For the entries below, the result should be an exact transcription of the lines from the one with "J&J Vision Introduces" up to and including the one with "Terreno edificabile in", and only those.

• _SOURCE DATA_:
.....
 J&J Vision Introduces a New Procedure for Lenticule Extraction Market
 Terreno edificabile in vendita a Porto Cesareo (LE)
.....
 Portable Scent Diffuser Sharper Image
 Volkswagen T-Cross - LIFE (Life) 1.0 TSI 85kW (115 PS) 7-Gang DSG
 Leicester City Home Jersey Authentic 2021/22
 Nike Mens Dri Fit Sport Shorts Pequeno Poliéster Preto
.....
• _EXPECTED ANSWER_:
 J&J Vision Introduces a New Procedure for Lenticule Extraction Market
 Terreno edificabile in vendita a Porto Cesareo (LE)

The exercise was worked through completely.